Repository files navigation

version

VAST DB Python SDK

A Python SDK for seamless interaction with VAST Database and VAST Catalog. Enables powerful data operations including:

  • Schema and table management
  • Efficient data ingest and querying
  • Advanced filtering with predicate pushdown
  • Direct integration with PyArrow and DuckDB
  • File system querying through VAST Catalog

vastdb

For technical details about VAST Database architecture, see the whitepaper.

Getting Started

Requirements

Installation

pip install vastdb

See the Release Notes for the SDK.

Quick Start

Create schemas and tables, basic inserts, and selects:

import pyarrow as pa
import vastdb

session = vastdb.connect(
    endpoint='http://vip-pool.v123-xy.VastENG.lab',
    access=AWS_ACCESS_KEY_ID,
    secret=AWS_SECRET_ACCESS_KEY)

with session.transaction() as tx:
    bucket = tx.bucket("bucket-name")

    schema = bucket.create_schema("schema-name")
    print(bucket.schemas())

    columns = pa.schema([
        ('c1', pa.int16()),
        ('c2', pa.float32()),
        ('c3', pa.utf8()),
    ])
    table = schema.create_table("table-name", columns)
    print(schema.tables())
    print(table.columns())

    arrow_table = pa.table(schema=columns, data=[
        [111, 222, 333],
        [0.5, 1.5, 2.5],
        ['a', 'bb', 'ccc'],
    ])
    table.insert(arrow_table)

    # run `SELECT * FROM t`
    reader = table.select()  # return a `pyarrow.RecordBatchReader`
    result = reader.read_all()  # build an PyArrow Table from the `pyarrow.RecordBatch` objects read from VAST
    assert result == arrow_table

    # the transaction is automatically committed when exiting the context

Note: the transaction must be remain open while the returned pyarrow.RecordBatchReader generator is being used.

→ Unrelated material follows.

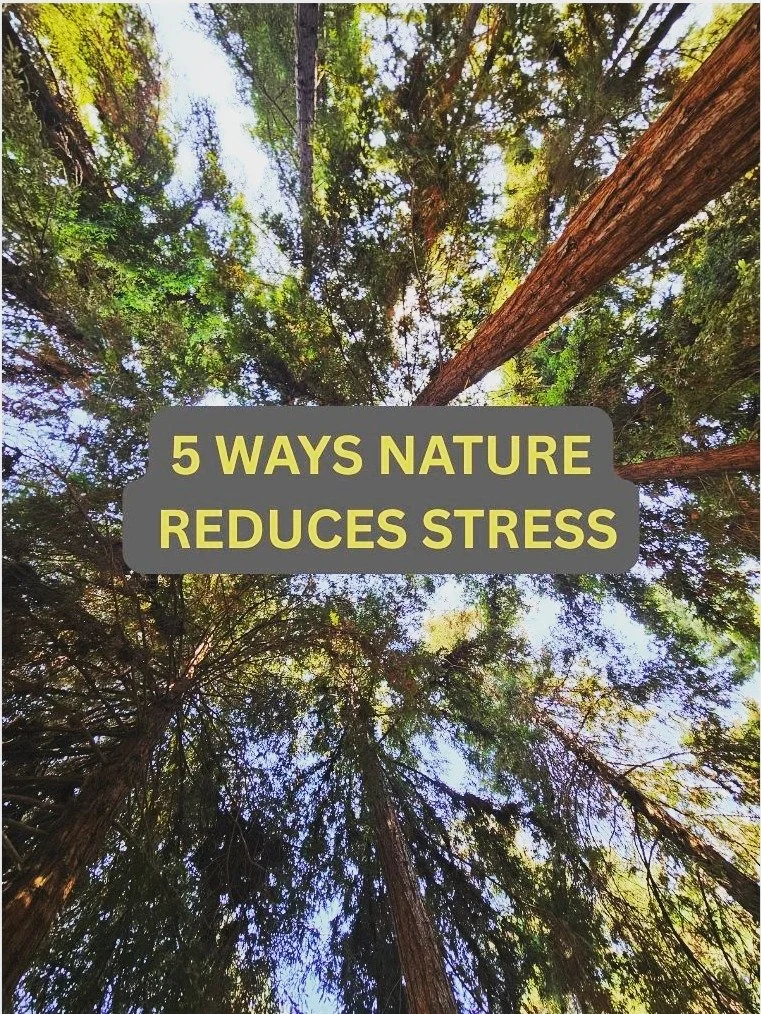 Stress melts away among the trees 🍃 and other pieces of nature 🌊Which of these resonates with you most?

#socalwellness #mindfulinnature #nature #naturelovers #forestbathing #naturetherapy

The list of supported data types can be found here.

Features

Select Performance

The Table.select() method accepts a QueryConfig object that modifies how the select is fulfilled.

The most important setting is the data_endpoints parameter that, when set, will allow the SDK to parallelize the select across multiple CNodes. Without this, only the CNode specified in the connect() will service the select.

from vastdb.config import QueryConfig

# load default configuration values
cfg = QueryConfig()

# set data_endpoints to CNode VIPs
cfg.data_endpoints = [
    "http://172.19.196.1",
    "http://172.19.196.2",
    "http://172.19.196.3",
    "http://172.19.196.4",
]

table.select(columns=['c1'], predicate=(_.c2 > 2), config=cfg)

If using DNS with either TTL=0 or multi-response per the Best Practice on Load Balancing CNodes, passing in the same DNS name equal to the number of VIPs is a decent proxy.

cfg.data_endpoints = ["http://vip-pool.v123-xy.VastENG.lab"] * 16  # assuming 16 VIPs in the pool

Filters and Projections

The SDK supports predicate and projection pushdown using Ibis:

from ibis import _

# SELECT c1 FROM t WHERE (c2 > 2) AND (c3 IS NULL)
table.select(columns=['c1'],
             predicate=(_.c2 > 2) & _.c3.isnull())

# SELECT c2, c3 FROM t WHERE (c2 BETWEEN 0 AND 1) OR (c2 > 10)
table.select(columns=['c2', 'c3'],
             predicate=(_.c2.between(0, 1) | (_.c2 > 10))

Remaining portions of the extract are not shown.